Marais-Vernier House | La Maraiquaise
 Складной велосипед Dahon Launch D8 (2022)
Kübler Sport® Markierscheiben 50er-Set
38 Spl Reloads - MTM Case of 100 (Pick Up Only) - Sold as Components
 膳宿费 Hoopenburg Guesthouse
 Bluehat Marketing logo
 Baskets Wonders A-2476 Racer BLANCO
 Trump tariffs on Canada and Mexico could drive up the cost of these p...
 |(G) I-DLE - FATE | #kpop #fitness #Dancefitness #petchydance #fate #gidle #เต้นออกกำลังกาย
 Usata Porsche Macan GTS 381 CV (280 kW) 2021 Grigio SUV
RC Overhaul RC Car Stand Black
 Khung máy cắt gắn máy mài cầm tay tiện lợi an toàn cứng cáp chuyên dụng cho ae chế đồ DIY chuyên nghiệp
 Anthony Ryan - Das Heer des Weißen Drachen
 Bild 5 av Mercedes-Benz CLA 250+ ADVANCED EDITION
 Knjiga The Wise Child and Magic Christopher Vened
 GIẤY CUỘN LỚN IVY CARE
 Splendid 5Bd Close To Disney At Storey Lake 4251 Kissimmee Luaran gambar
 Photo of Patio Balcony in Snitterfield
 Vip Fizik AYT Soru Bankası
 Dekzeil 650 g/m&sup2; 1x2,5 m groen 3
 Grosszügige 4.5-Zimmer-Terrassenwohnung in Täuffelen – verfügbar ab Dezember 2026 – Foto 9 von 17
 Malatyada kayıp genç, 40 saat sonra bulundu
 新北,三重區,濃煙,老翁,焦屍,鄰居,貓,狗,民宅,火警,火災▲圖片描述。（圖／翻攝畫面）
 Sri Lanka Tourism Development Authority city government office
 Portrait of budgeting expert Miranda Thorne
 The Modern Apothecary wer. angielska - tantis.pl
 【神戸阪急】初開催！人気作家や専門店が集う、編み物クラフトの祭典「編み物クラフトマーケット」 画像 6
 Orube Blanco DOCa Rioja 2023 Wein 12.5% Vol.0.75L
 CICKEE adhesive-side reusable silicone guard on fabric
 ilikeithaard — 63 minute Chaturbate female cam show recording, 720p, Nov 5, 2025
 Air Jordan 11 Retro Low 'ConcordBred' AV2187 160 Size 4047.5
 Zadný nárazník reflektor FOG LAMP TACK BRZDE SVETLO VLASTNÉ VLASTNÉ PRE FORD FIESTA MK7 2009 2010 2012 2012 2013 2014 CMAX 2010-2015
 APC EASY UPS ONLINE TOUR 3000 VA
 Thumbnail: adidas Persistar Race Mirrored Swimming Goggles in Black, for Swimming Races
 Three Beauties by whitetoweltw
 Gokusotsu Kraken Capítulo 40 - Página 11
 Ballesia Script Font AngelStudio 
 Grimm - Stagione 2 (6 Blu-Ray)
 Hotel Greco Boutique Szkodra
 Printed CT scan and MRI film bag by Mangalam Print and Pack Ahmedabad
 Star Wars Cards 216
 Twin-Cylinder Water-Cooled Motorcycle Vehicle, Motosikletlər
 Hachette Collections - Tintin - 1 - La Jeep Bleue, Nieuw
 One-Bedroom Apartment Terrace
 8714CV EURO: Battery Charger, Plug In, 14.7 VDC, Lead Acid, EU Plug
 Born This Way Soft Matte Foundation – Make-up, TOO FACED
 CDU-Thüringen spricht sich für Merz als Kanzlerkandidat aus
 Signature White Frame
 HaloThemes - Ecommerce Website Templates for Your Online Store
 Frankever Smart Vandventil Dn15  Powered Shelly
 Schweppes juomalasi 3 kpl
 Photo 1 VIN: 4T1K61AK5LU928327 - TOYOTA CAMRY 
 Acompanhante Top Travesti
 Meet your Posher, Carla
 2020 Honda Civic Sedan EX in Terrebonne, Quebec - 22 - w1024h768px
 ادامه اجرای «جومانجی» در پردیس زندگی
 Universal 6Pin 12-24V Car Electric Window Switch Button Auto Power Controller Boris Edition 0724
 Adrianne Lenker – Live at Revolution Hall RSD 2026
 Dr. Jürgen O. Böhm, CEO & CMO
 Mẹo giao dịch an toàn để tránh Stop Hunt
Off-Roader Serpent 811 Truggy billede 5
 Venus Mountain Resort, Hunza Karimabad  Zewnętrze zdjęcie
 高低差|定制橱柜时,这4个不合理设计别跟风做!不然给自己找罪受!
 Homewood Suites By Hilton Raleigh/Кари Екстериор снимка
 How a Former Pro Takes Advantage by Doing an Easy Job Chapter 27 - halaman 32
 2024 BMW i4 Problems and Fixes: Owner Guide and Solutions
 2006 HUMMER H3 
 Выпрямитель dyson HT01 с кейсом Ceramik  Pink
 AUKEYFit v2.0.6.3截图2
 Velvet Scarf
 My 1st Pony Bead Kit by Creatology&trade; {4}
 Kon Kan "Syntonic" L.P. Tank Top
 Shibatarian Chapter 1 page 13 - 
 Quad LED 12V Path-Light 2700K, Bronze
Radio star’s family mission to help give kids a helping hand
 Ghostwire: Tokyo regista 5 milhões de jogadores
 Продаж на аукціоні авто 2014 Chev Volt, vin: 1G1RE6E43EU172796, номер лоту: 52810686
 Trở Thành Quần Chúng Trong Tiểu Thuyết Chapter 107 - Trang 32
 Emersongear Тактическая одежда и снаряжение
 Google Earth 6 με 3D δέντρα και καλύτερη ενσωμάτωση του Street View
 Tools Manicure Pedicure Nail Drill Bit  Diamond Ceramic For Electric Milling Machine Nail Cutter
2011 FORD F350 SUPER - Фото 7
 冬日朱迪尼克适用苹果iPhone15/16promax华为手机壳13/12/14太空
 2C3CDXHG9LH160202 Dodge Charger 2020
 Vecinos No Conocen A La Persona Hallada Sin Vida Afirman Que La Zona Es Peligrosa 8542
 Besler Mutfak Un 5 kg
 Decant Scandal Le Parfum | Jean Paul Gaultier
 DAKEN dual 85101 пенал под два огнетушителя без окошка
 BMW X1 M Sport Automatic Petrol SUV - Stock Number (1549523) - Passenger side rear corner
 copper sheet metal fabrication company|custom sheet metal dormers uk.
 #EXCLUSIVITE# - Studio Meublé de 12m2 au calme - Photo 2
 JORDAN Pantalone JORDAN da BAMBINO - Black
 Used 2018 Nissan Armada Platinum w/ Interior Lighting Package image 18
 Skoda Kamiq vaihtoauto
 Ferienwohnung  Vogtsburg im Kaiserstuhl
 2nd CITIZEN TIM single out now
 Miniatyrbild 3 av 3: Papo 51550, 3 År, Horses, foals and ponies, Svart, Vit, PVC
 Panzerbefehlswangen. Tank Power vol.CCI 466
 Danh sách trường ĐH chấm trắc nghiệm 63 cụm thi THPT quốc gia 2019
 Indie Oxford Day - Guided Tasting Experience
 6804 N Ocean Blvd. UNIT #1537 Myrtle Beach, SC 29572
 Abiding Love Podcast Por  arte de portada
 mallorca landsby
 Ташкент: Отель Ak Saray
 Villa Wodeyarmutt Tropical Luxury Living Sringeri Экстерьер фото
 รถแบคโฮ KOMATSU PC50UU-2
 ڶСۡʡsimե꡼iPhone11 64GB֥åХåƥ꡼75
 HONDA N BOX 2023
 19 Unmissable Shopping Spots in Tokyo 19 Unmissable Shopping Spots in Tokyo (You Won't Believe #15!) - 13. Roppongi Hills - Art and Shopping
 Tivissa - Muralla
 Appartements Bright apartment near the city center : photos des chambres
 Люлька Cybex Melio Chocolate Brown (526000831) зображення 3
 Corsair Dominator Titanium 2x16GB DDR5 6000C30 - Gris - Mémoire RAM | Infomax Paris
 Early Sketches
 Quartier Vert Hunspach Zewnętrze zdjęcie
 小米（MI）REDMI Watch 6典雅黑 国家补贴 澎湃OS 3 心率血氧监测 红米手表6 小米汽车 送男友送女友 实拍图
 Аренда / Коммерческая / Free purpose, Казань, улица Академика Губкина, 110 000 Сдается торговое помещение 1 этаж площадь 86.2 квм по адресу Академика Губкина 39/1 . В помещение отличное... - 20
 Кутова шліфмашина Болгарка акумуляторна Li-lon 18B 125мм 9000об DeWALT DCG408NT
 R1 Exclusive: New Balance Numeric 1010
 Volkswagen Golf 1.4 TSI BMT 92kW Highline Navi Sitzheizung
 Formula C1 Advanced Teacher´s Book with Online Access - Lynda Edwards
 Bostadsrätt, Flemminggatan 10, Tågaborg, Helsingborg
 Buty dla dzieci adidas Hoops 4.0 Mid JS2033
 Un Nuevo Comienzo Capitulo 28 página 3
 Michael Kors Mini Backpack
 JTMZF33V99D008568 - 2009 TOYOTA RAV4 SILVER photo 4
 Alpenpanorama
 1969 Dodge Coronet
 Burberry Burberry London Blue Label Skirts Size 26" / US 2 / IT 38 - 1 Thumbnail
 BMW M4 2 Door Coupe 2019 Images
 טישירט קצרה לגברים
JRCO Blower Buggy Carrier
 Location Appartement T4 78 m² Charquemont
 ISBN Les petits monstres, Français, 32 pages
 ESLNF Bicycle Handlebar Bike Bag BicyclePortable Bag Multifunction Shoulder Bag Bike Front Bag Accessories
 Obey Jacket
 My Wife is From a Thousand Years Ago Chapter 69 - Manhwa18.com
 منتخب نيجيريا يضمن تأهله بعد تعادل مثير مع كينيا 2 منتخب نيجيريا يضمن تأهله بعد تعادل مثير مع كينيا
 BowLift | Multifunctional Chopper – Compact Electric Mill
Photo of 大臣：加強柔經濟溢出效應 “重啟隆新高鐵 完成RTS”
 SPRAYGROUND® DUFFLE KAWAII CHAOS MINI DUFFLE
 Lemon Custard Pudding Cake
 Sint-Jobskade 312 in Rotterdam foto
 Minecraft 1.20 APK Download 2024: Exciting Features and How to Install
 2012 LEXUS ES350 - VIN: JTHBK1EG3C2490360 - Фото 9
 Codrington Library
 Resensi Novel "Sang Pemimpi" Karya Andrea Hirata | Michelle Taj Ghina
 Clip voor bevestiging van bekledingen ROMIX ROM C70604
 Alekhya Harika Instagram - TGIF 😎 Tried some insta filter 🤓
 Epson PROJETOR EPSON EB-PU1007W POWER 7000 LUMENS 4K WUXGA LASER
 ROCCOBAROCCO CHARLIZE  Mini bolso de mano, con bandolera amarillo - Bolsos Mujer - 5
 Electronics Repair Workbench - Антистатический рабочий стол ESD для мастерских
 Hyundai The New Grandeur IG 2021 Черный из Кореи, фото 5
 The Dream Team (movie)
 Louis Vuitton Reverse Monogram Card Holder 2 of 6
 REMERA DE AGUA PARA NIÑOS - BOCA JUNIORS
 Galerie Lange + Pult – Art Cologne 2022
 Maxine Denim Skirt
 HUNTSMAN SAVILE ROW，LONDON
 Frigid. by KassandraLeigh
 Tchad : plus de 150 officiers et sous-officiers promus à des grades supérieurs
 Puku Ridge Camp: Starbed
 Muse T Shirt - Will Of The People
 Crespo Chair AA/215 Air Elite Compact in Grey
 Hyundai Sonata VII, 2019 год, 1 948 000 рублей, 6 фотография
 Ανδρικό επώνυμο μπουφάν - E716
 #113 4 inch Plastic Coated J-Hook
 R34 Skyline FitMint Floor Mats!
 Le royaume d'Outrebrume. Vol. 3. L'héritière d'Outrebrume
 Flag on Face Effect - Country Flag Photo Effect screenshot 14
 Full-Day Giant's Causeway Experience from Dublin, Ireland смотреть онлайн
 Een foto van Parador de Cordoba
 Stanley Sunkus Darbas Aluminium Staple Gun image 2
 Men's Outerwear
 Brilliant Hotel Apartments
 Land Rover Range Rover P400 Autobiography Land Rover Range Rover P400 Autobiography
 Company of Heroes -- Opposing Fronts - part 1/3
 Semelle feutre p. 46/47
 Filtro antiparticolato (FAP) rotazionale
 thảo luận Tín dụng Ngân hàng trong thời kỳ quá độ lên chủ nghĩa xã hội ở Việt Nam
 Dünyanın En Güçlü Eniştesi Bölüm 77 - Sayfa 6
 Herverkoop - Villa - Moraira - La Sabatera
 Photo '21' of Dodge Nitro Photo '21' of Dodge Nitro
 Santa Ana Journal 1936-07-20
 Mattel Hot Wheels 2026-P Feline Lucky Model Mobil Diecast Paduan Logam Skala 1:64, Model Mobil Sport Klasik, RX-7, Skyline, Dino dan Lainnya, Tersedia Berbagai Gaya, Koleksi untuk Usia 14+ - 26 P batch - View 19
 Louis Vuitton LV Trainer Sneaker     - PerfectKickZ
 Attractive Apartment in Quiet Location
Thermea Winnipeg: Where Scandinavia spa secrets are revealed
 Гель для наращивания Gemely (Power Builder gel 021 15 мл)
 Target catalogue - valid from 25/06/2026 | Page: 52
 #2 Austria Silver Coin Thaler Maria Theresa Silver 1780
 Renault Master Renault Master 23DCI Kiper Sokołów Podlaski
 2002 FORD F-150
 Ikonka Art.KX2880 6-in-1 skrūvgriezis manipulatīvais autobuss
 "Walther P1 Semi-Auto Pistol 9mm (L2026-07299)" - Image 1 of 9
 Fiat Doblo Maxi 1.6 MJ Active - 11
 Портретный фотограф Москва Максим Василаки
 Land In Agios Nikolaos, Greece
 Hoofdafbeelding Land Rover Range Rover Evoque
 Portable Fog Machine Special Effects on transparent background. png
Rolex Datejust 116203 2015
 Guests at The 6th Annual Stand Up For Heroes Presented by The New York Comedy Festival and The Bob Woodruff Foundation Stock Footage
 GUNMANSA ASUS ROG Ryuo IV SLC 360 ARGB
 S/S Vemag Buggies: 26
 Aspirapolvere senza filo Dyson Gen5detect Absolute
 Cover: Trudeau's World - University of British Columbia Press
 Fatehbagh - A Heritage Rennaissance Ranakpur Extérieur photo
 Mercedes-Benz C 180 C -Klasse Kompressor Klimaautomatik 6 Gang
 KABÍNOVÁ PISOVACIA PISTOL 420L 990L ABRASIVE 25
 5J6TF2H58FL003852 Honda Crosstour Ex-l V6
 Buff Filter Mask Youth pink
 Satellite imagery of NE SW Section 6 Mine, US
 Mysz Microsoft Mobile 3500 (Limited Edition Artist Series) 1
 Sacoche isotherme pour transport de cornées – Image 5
· · · ·
* **Exercise goal**
Say how many lines in the listing above include "Chapter". Give nothing but the number.

* **Output**
4